Nieuw besluit inzake btw-vrijstelling voor diensten door lijkbezorgers, crematoria en exploitanten van begraafplaatsen

Nieuw besluit inzake btw-vrijstelling voor diensten door lijkbezorgers, crematoria en exploitanten van begraafplaatsen

Op 30 december 2016 is een besluit van de staatssecretaris gepubliceerd inzake de btw-vrijstelling voor de diensten door lijkbezorgers, crematoria en exploitanten van begraafplaatsen. Dit besluit betreft een aangepaste versie van het besluit van 9 september 2013. Er is in het nieuwe besluit verduidelijkt dat het vervoer van een overledene in het kader van een uitvaart onder de vrijstelling valt, als het vervoer wordt verricht door degene die zich heeft verbonden om de hele uitvaartplechtigheid te verzorgen.

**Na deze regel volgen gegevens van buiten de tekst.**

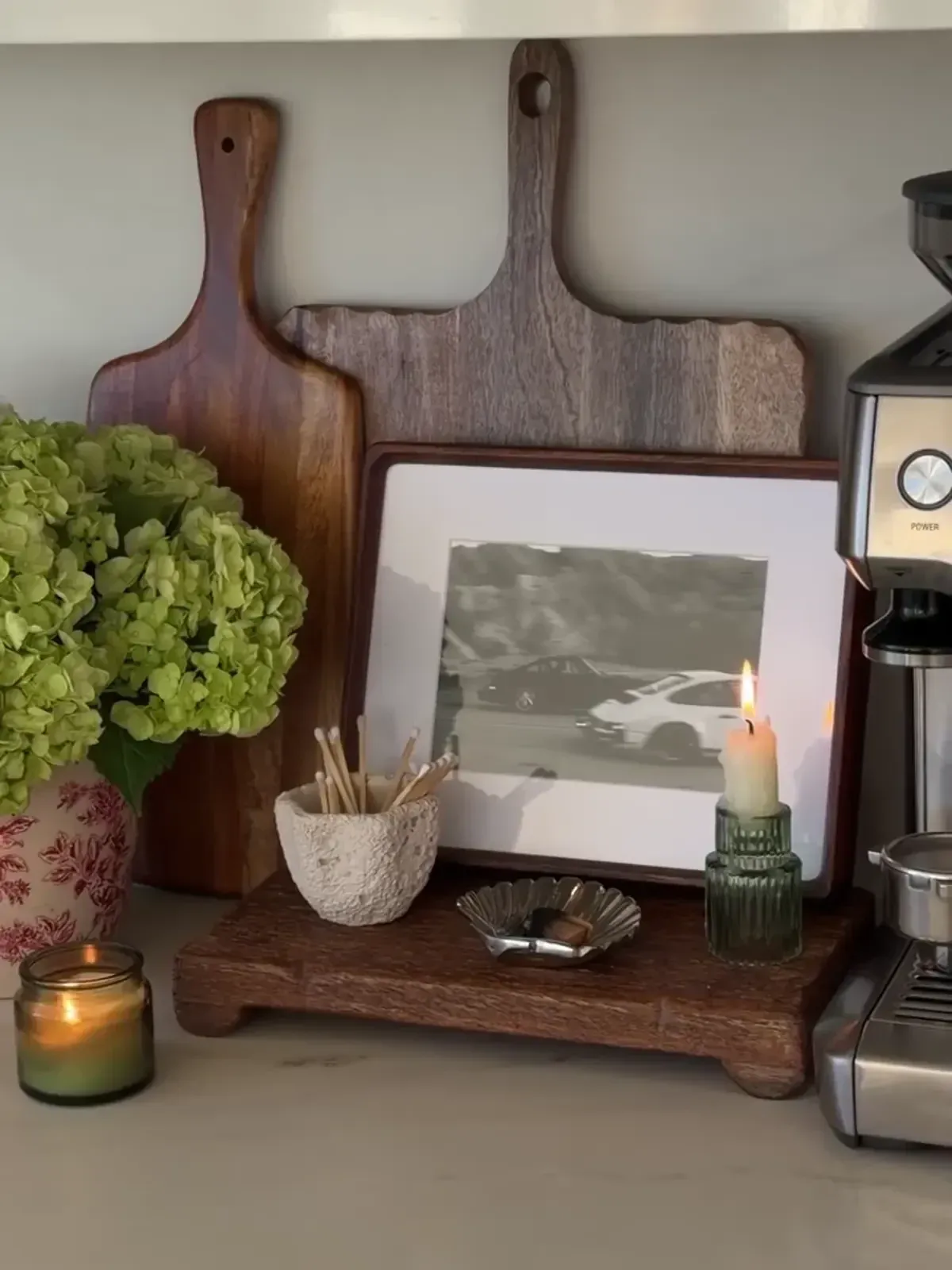 simple coffee station ideas with wooden tray, mugs, cutting boards, and small decor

De vrijstelling is ook van toepassing in geval van het vervoer van de overledene naar het mortuarium, als dat vervoer plaatsvindt door de lijkbezorger die de verzorging en opbaring van het lichaam op zich heeft genomen. In het besluit is tevens uiteengezet hoe moet worden gehandeld als de btw-vrijstelling in het verleden niet is toegepast en op aangeschafte bedrijfsmiddelen nog een zogenoemde herzieningsperiode rust. Een herzieningsperiode bestaat uit het boekjaar van ingebruikname en de daarop volgende vier (roerende zaken) resp. negen (onroerende zaken) boekjaren. Vanaf 1 januari 2017 moet de btw-vrijstelling worden toegepast op het vervoer van overledenen, als dat vervoer plaatsvindt door de lijkbezorger die de verzorging en opbaring van het lichaam op zich heeft genomen. Verder is aan het besluit een bijlage toegevoegd waarin is aangegeven hoe bepaalde veel voorkomende prestaties die in verband met een overlijden worden verricht voor de btw moeten worden geduid.